> _Aim of the exercise_
Pictures in the entries below are excluded; copy only the lines from the one containing "Partner Organization CorpoAmbato" to the one containing "DeLonghi Caffe Crema", both included.

(Provided records Opens)

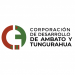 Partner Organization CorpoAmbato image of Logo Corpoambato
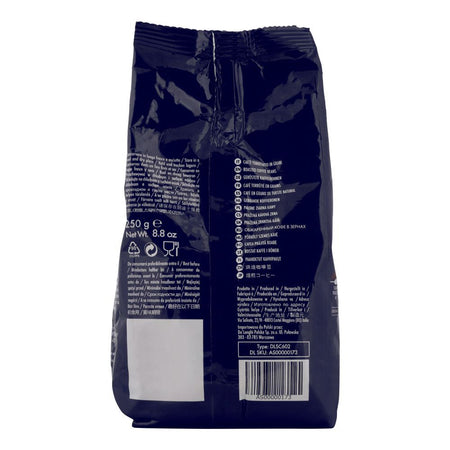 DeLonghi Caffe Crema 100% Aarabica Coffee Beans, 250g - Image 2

(Provided records Closes)
(Provided records Opens)

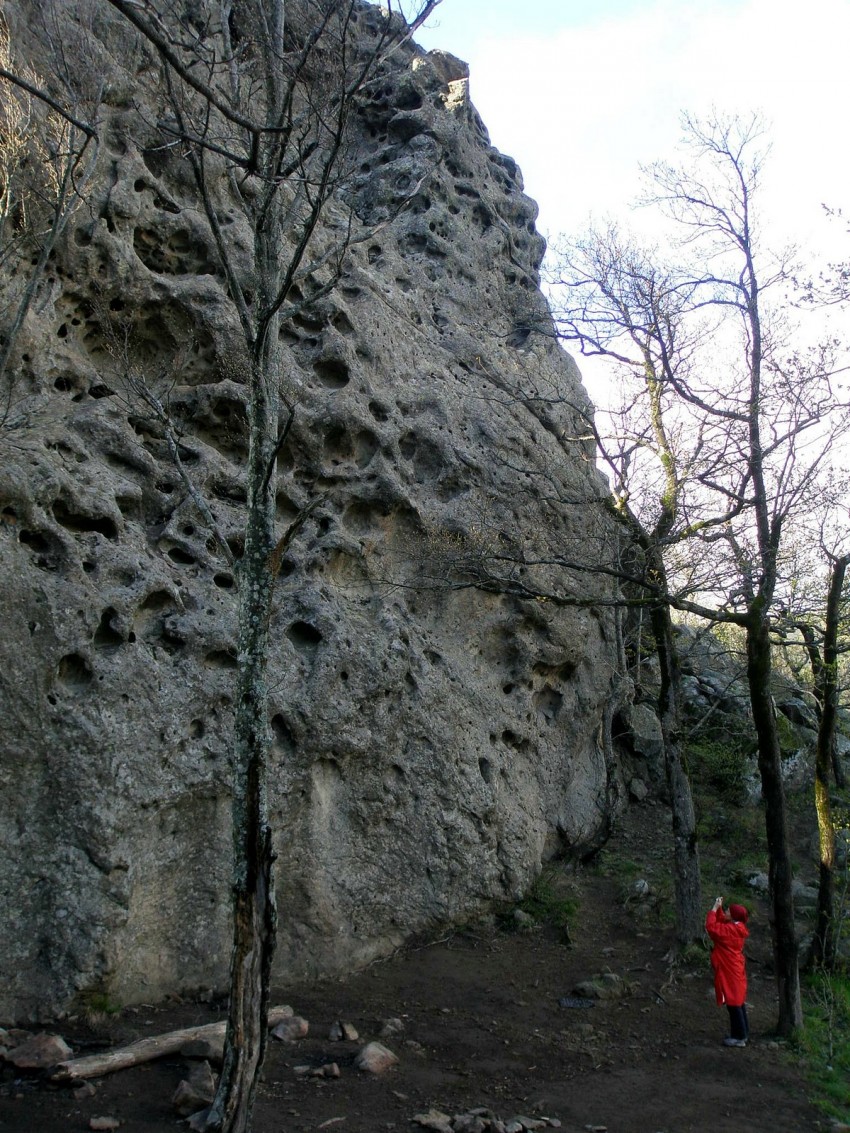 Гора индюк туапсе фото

(Provided records Closes)
(Provided records Opens)

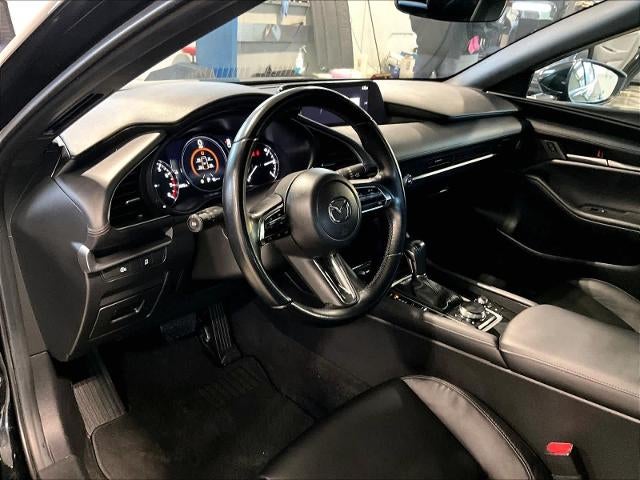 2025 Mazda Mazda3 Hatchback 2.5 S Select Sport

(Provided records Closes)

> _Task output_
 Partner Organization CorpoAmbato image of Logo Corpoambato
 DeLonghi Caffe Crema 100% Aarabica Coffee Beans, 250g - Image 2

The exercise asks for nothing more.